Query performance with large(r) inputs

Our team has been debugging a slow query and I wanted to ask a question about why one query variant is slower than the other

(comment
  (def members
    (d/q
     '[:find [?u ...]
       :in $ ?b
       :where [?u :user/follows ?b]]
     (d/db @conn)
     board-id)))

(def query1
  '[:find ?u (count ?views)
    :in $ % [?u ...] ?b
    :where
    (or
     [?b :board/admins ?instructors]
     [?b :board/created-by ?instructors])
    [?post :post/author ?instructors]
    [?post :post/board ?b]
    [?post :post/views ?views]
    [?views :post-view/viewer ?u]
    [(!= ?u ?instructors)]])

(def query2
  '[:find ?viewer (count ?views)
    :in $ % [?u ...] ?b
    :where
    (or
     [?b :board/admins ?instructors]
     [?b :board/created-by ?instructors])
    [?post :post/author ?instructors]
    [?post :post/board ?b]
    [?post :post/views ?views]
    [?views :post-view/viewer ?viewer]
    [?viewer :user/follows ?b]
    [(!= ?viewer ?instructors)]])

(comment
  ;; Elapsed time: 6489.551387 msecs
  (time
   (d/q
    query1
    (d/db @conn)
    (yd.rules/rules)
    (take 250 members)
    board-id))
  ;; "Elapsed time: 87.187617 msecs"
  (time
   (d/q
    query2
    (d/db @conn)
    (yd.rules/rules)
    (set (take 250 members))
    board-id)))

The queries shown above are aiming to find the count of views on posts made by instructors for each user. In query1 we pass in a subset of the “members” of the board, who are just users with the :user/follows relation as shown. In query2, the input is ignored in favor of an additional binding [?viewer :user/follows ?b] which should constrain the results to produce the same output (not withstanding thetake).

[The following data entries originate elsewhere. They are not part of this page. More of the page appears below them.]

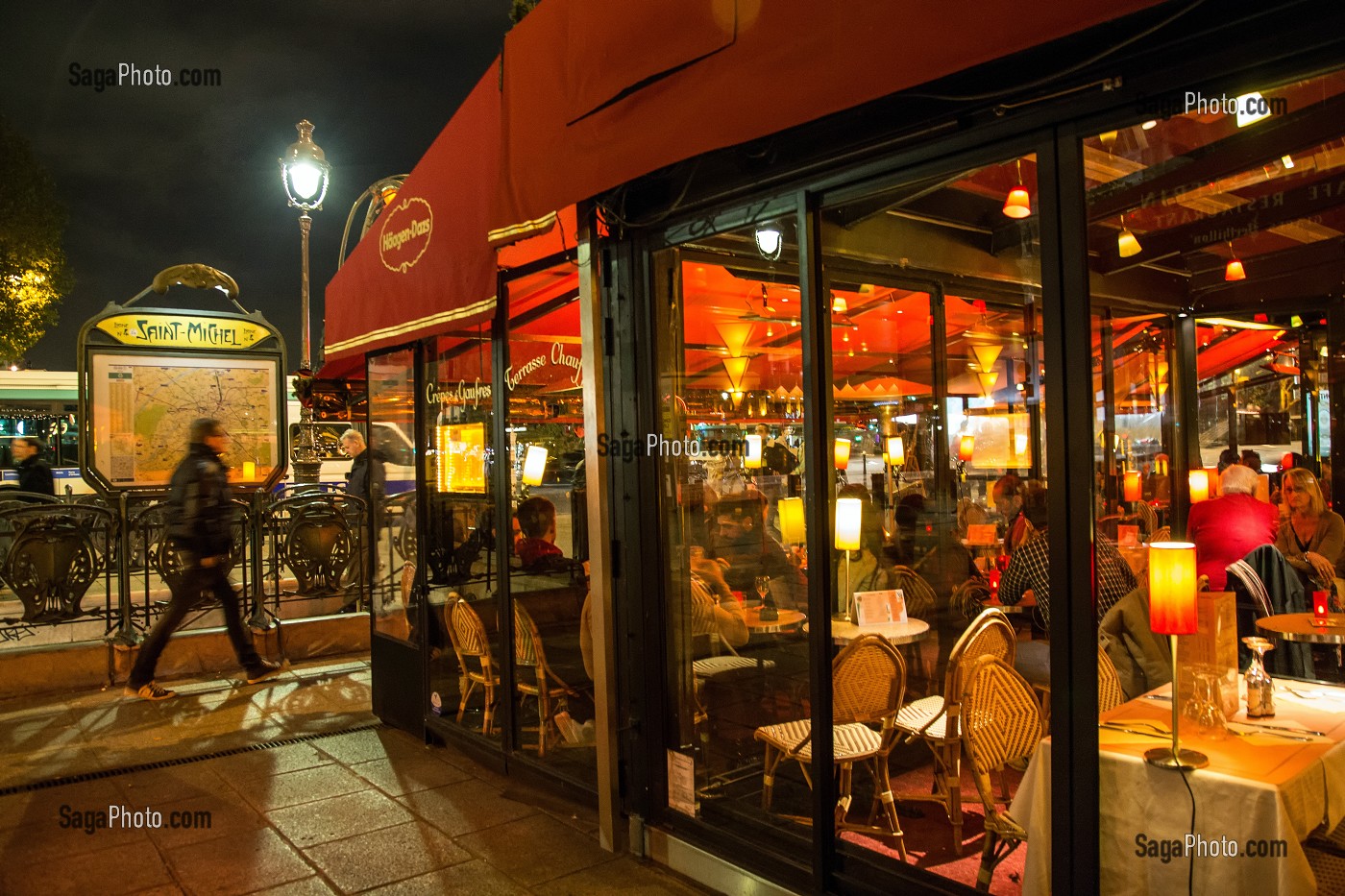 AMBIANCE NOCTURNE ANIMEE, CAFE LE DEPART SAINT-MICHEL ET STATION DE METRO, PLACE SAINT-MICHEL, QUARTIER LATIN, 5 EME, PARIS LA NUIT, FRANCE 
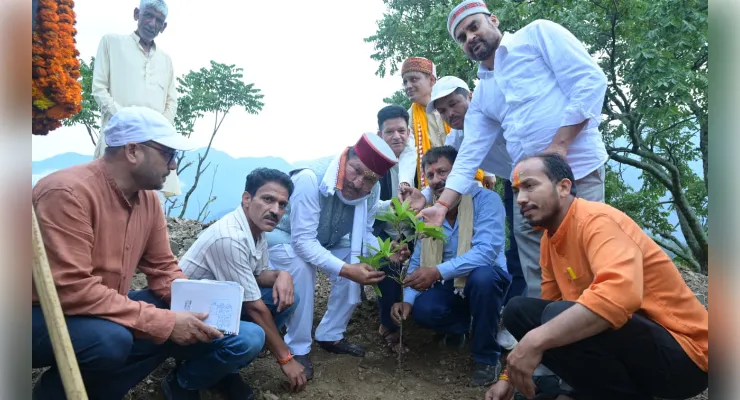 पंचायतीराज मंत्री भरत सिंह चौधरी ने 'एक पेड़ गुरु के नाम' अभियान का किया शुभारंभ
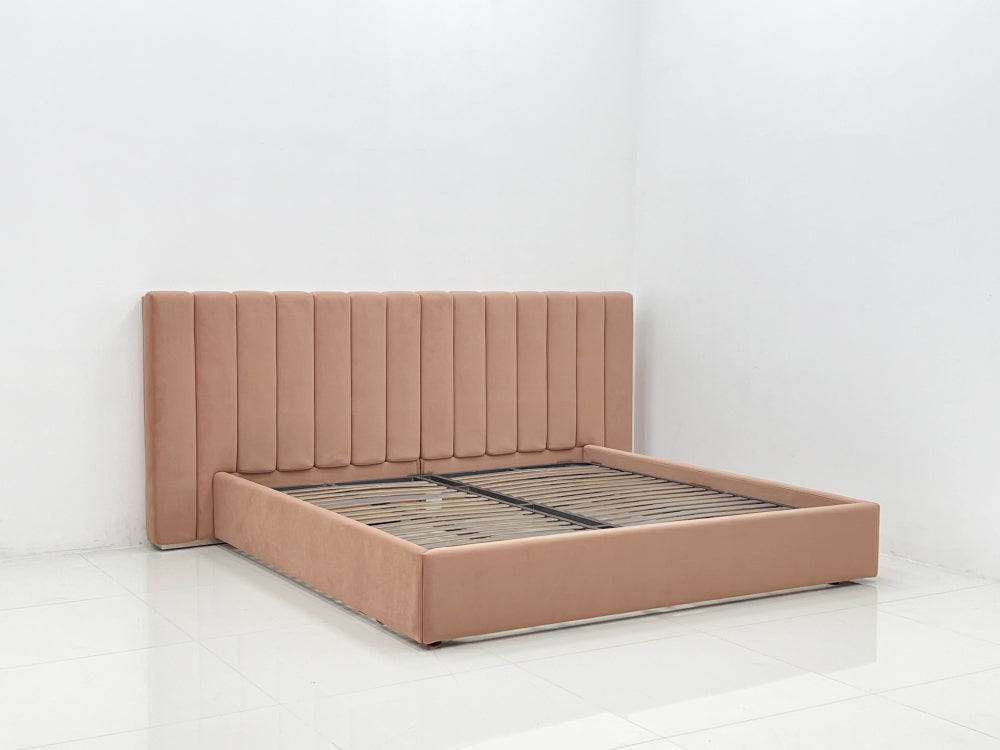 GC2009 Upholstered Bed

We did identify some :where clauses which can be moved around to increase the performance, but I’m a bit confused about why the version which accepts the input vector would be a factor of ~75x slower. The members collection is around 7000 eids. My guess here is that since the input is de-structured it has to be probed or scanned against each :post-view/viewer value, whereas the version in query2 is binding a set and thus can do a set whatever-the-big-o intersection operation is.

Is there any reason passing in a large-ish collection is not recommended? Is it possible to pass in a set as a query input?

I should note that putting [?views :post-view/viewer ?u] as the first where clause did bring the query down to around 564ms for the whole input collection, but it’s still slower than the no input version by about 5x

Any suggestions?

Try putting

As ?u is passed in this will unify. Reorder to put the (or …) further down.